## WHAT NEEDS TO BE DONE
Set the pictures aside and set down only the lines from the line holding "Izdavanje, poslovni prostor, 180m², Stari" through the end of the entries below, ends included.

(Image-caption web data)
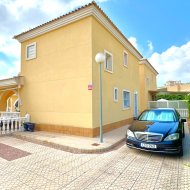 Reventa - Chalets -
Orihuela Costa - Villamartín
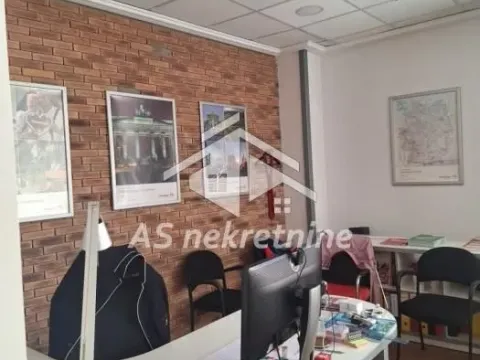 Izdavanje, poslovni prostor, 180m², Stari Grad, Beograd - image 6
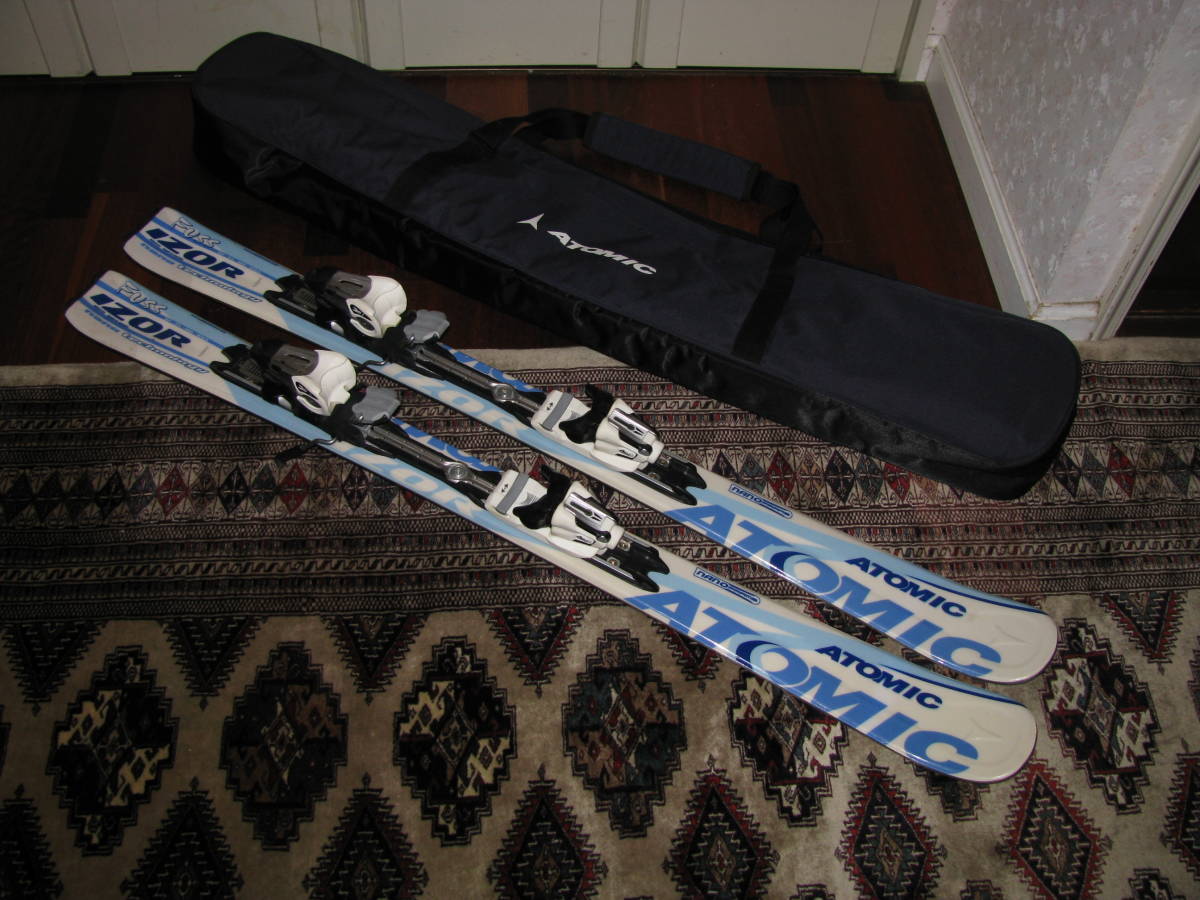 Atomic IZOR スキーセット ポール付き Atomic Izor 3:1 Ti 159cm Skis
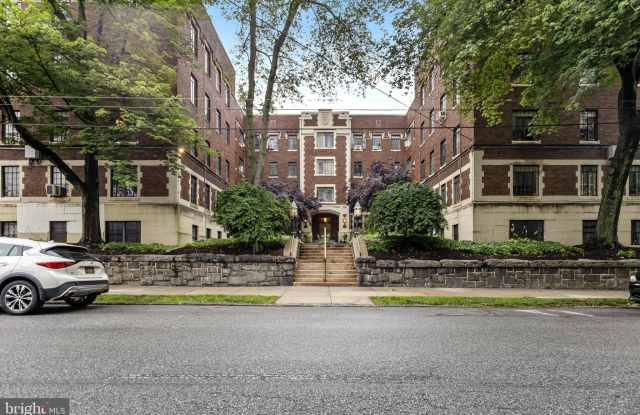 1305 N BROOM STREET photos photos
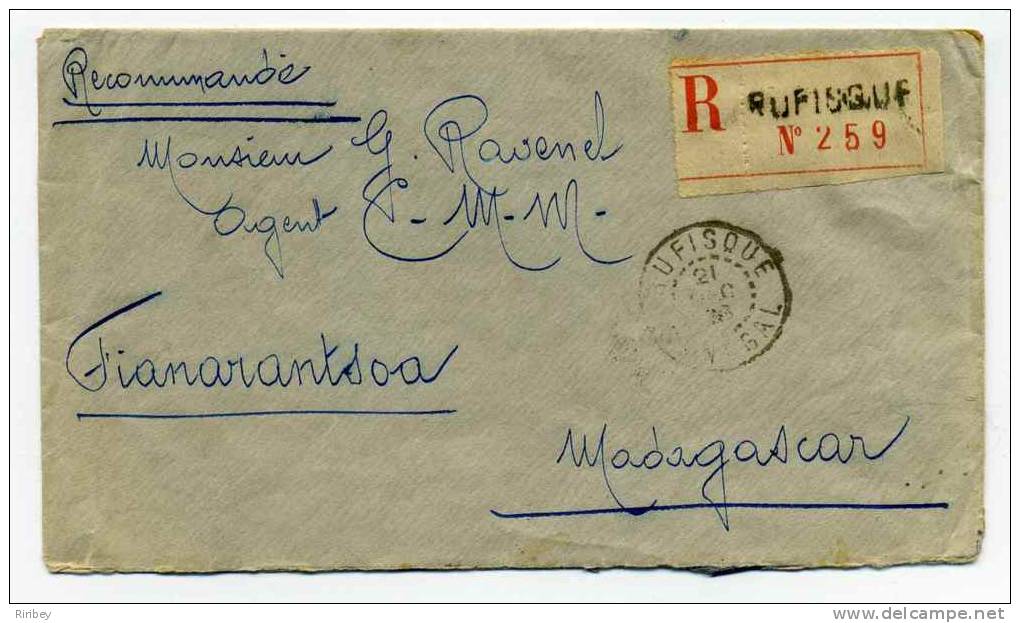Lettre Recommandée  : RUFISQUE / SENEGAL : 21 Dec 1930 Pour Madagascar / Superbe Affranchissement Au Verso - Autres & Non Classés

## REPLY TO THE TASK
 Izdavanje, poslovni prostor, 180m², Stari Grad, Beograd - image 6
 Atomic IZOR スキーセット ポール付き Atomic Izor 3:1 Ti 159cm Skis
 1305 N BROOM STREET photos photos
Lettre Recommandée  : RUFISQUE / SENEGAL : 21 Dec 1930 Pour Madagascar / Superbe Affranchissement Au Verso - Autres & Non Classés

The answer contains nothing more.